WHAT YOU WILL DO: When you reach the line with "William Byron, left, winner" in the data below, begin printing lines exactly, and stop once the line with "Shake and bake" has been printed.

[[ LISTED RECORDS open ]]

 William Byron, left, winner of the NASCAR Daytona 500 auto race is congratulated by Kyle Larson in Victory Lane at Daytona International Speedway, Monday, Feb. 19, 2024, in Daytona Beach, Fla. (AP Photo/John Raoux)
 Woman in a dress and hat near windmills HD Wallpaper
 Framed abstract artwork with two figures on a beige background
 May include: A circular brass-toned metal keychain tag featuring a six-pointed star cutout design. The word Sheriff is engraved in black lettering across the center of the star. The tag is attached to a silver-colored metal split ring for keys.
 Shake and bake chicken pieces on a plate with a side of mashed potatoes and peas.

[[ LISTED RECORDS closed ]]
[[ LISTED RECORDS open ]]

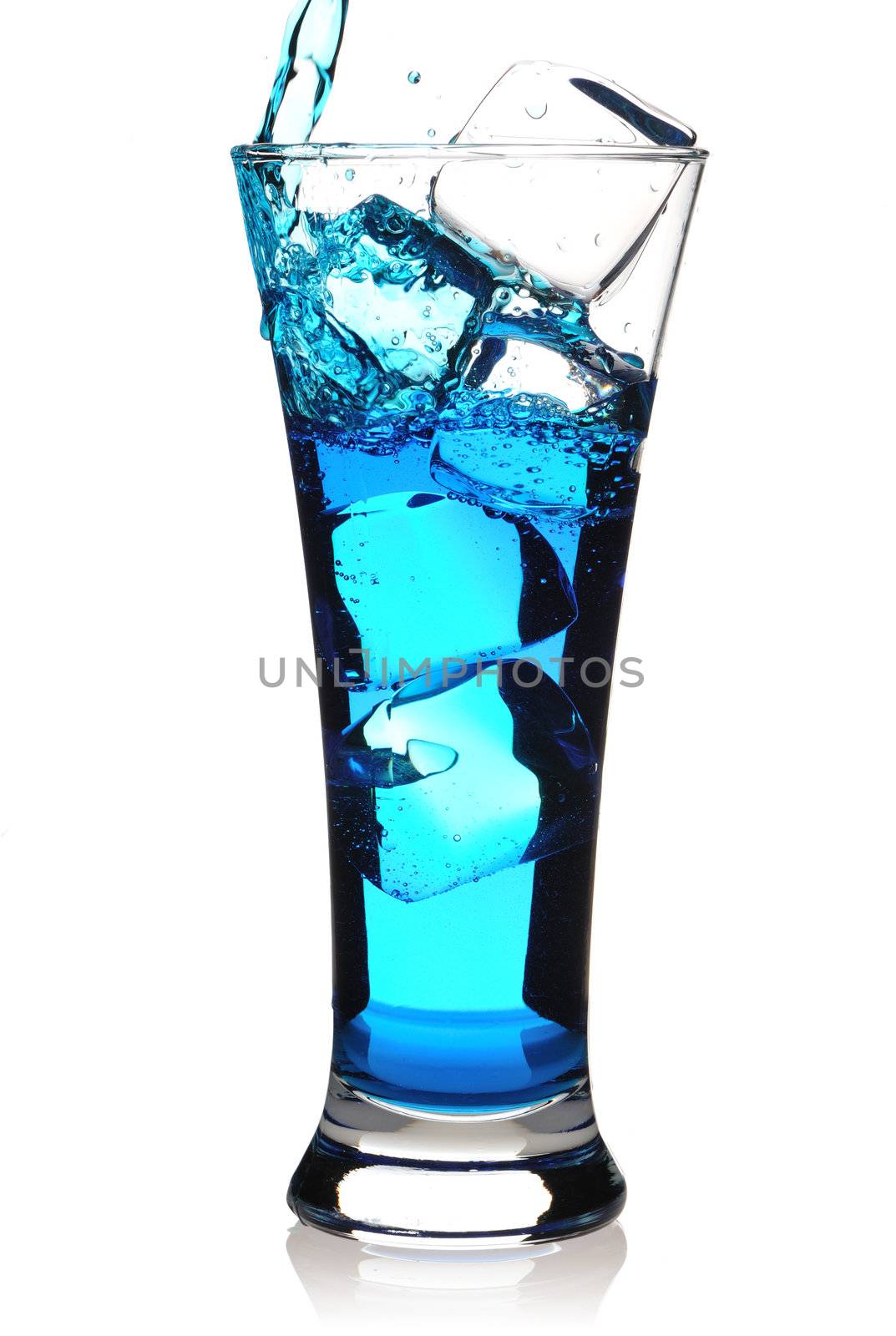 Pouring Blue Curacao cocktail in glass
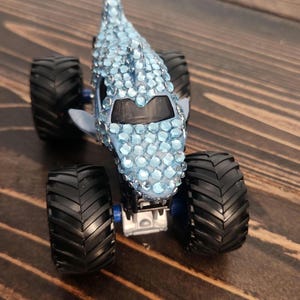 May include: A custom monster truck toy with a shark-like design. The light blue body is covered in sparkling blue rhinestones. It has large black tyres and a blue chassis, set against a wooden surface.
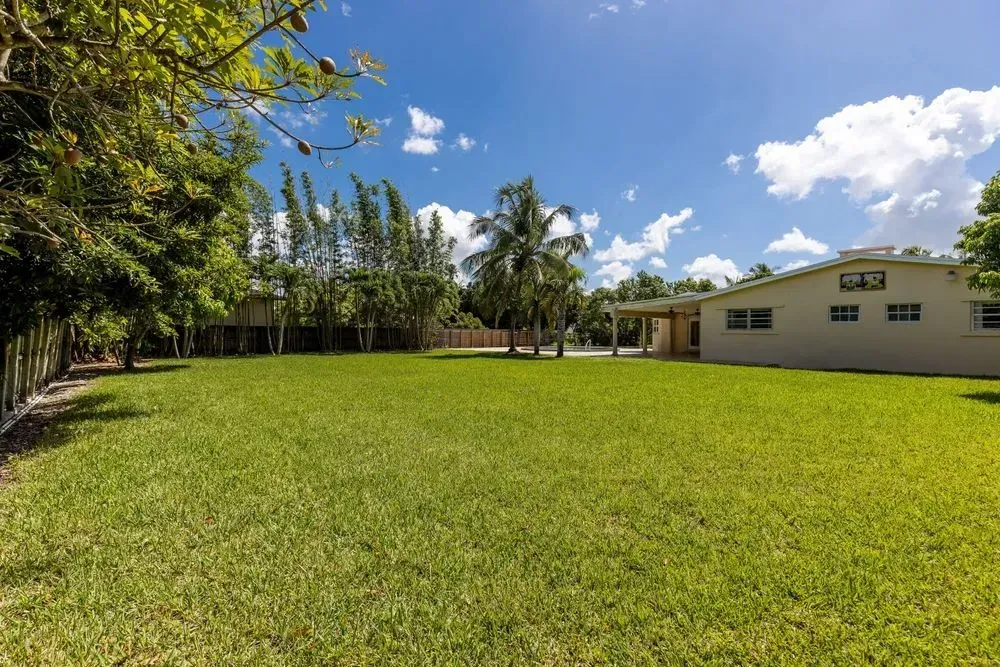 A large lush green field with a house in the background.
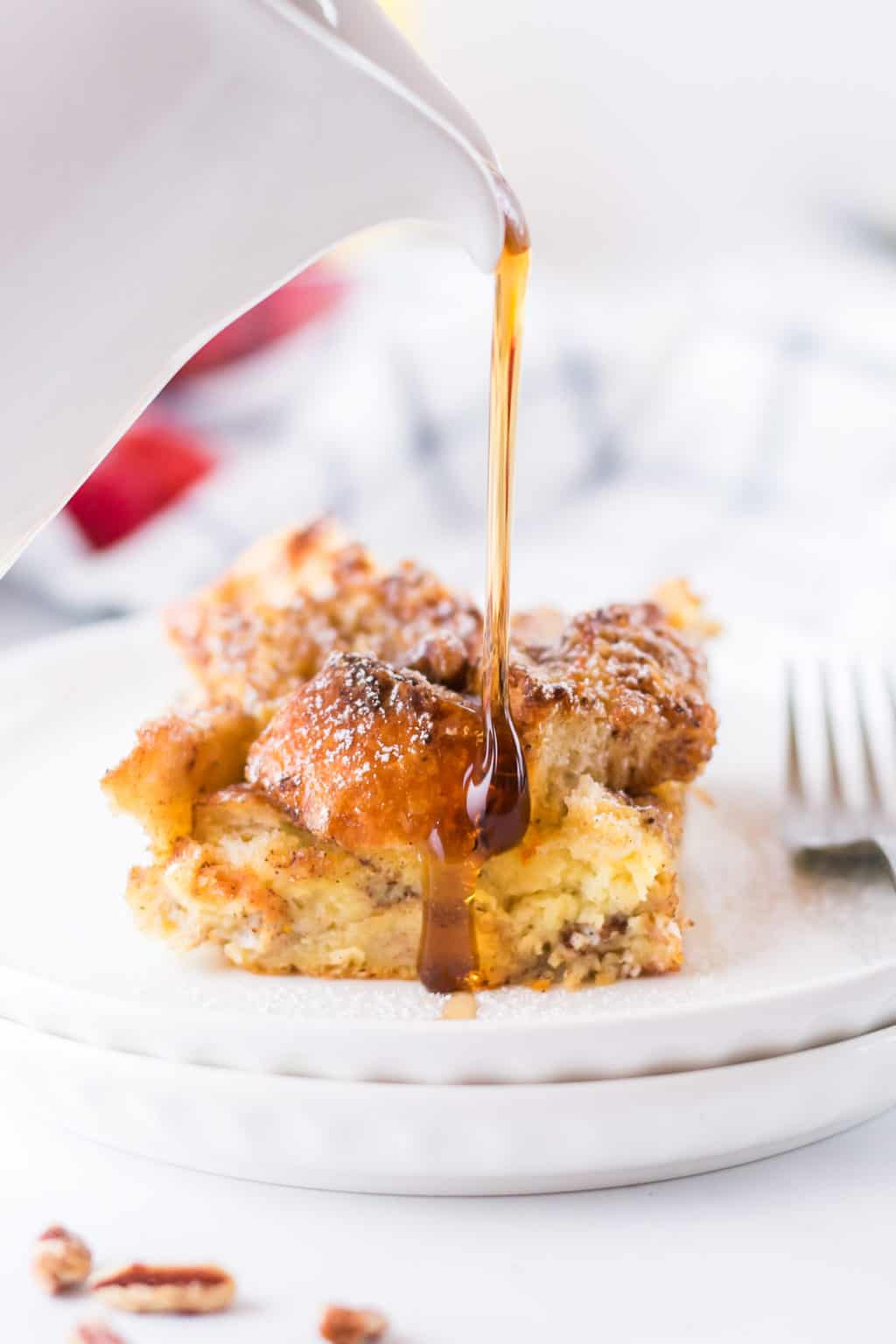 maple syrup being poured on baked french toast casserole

[[ LISTED RECORDS closed ]]

SOLVED EXERCISE:
 William Byron, left, winner of the NASCAR Daytona 500 auto race is congratulated by Kyle Larson in Victory Lane at Daytona International Speedway, Monday, Feb. 19, 2024, in Daytona Beach, Fla. (AP Photo/John Raoux)
 Woman in a dress and hat near windmills HD Wallpaper
 Framed abstract artwork with two figures on a beige background
 May include: A circular brass-toned metal keychain tag featuring a six-pointed star cutout design. The word Sheriff is engraved in black lettering across the center of the star. The tag is attached to a silver-colored metal split ring for keys.
 Shake and bake chicken pieces on a plate with a side of mashed potatoes and peas.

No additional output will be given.